EXERCISE INSTRUCTIONS.
Transcribe the listing below only from the line with "712 N Jefferson St New Castle/6th PA 16101" up to and including the line with "Used 2019 Jeep Cherokee Limited image 39".

GIVEN INFORMATION.

------------------------------

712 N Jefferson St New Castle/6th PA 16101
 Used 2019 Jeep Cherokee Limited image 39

------------------------------

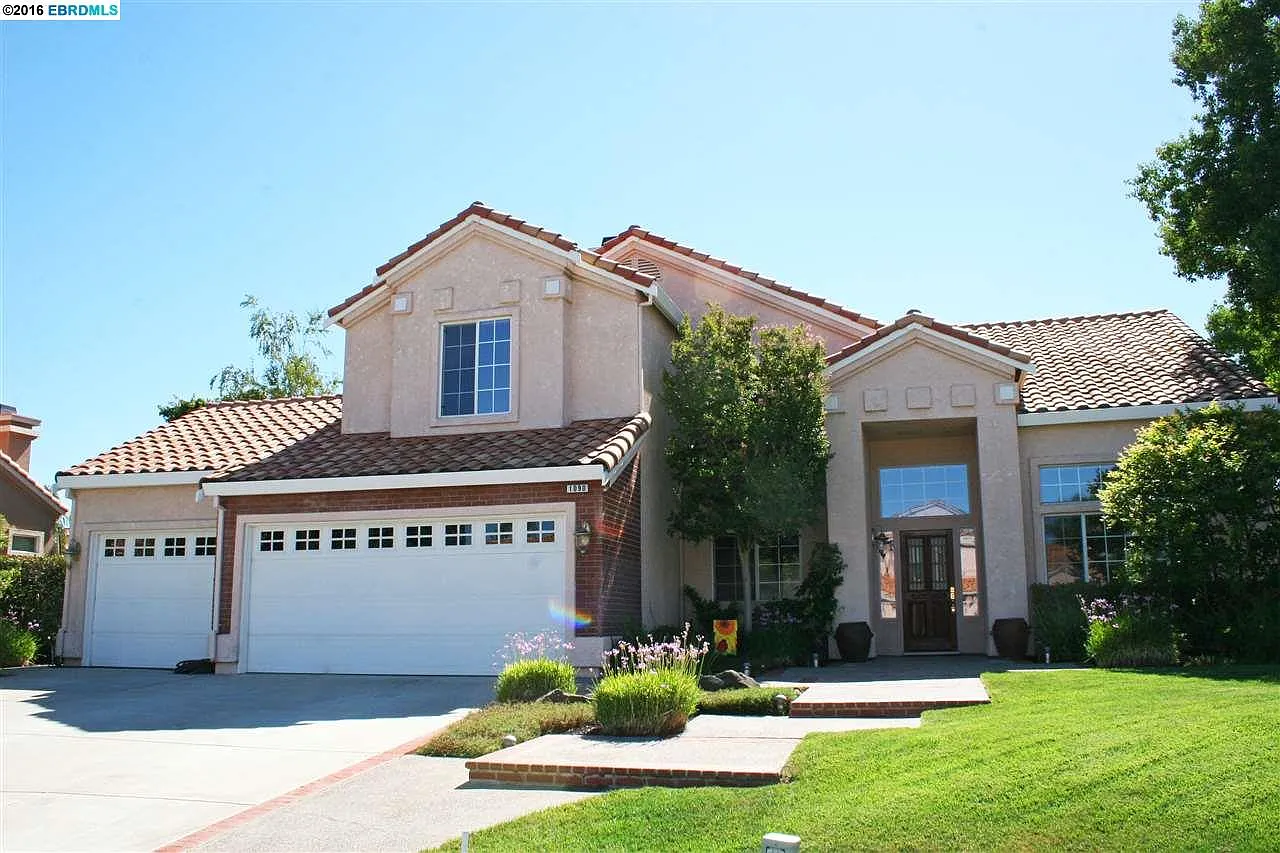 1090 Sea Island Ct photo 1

------------------------------

TASK RESPONSE.
712 N Jefferson St New Castle/6th PA 16101
 Used 2019 Jeep Cherokee Limited image 39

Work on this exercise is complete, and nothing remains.